Ela também é “a encantada”, e a acompanhamos em suas divagações com o pai (Americo Silva) e aspirações amorosas. A cada noite, uma nova história, mas ele teme que a inspiração da moça logo acabe, pois isso custará a vida dela. Entre uma narrativa, enquanto nada no mar, ela conhece Paddleman (Carloto Cotta), dono de “um aparelho reprodutor excelente” e “pai de mais de 200 meninos”, diz o letreiro (ao som, aliás, de “Fala”, da banda brasileira Secos & Molhados).
Toda essa parte é uma espécie de interlúdio poético, banhado por um sol mediterrâneo e a beleza dos corpos e dos sons – a trilha ainda inclui “Son of a Gun”, de Lee Hazlewood, “Samba da Minha Terra”, cantada pelos Novos Baianos, e “Perfidia”, na interpretação da própria Alfaiate – faz lembrar uma espécie de comunidade hippie perdida no tempo.
Mas, a cada cena, um novo estranhamento, especialmente quando a protagonista e seu pai dão um passeio numa roda-gigante (lá conhecida como Grande Roda), e cruzam com o próprio Gomes no caminho.
A segunda história, com o título peculiar de “O inebriante canto dos tentilhões”, acompanha competições ilegais de cantos de pássaros e traz à tona um país devastado pelo desemprego e melancolia. Esse é o momento mais documental dos três filmes, quando o diretor acompanha os verdadeiros donos de tentilhões que colocam suas aves em Chelas, um bairro de Lisboa, para disputar uma competição – algo, aliás, proibido em Portugal. A figura central é Chico Chapas – que também interpretou Simão Sem Tripas, no “Segundo Volume, O Desolado”.
Este segmento do terceiro filme talvez seja o mais exigente de toda a trilogia. Seu ritmo peculiar é compensado pelas figuras humanas e as aves, e suas histórias. São, em sua maioria, homens desempregados e aves engaioladas – ambos condenados a um futuro sem opções de uma vida melhor.

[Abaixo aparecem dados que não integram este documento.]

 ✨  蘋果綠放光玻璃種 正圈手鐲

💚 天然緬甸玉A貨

Apesar de todo o peso da crise econômica e seus reflexos políticos e morais, Gomes termina o filme com um tom de esperança. A imagem de fuga, da busca de novos horizontes e oportunidades, é emoldurada por uma versão poética do clássico dos anos de 1970 “Calling Occupants Of Interplanetary Craft”, dos Carpenters, aqui na interpretação de um coral infantil, The Langley Schools Music Project.

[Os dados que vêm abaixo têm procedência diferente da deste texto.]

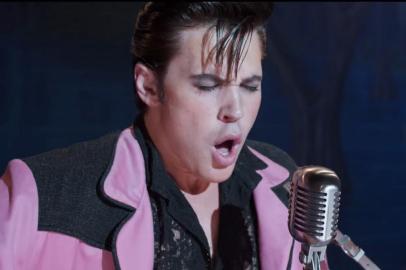 Trailer de Elvis<!-- NICAID(15020069) -->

Numa chave otimista, o diretor está apontando onde possa estar a saída: a mistura da inocência infantil com o sentimento de coletividade de um coral. Por outro lado, conforme diz a música, talvez seja preciso chamar os “ocupantes da nave interplanetária mais extraordinária” para resolver os problemas do mundo.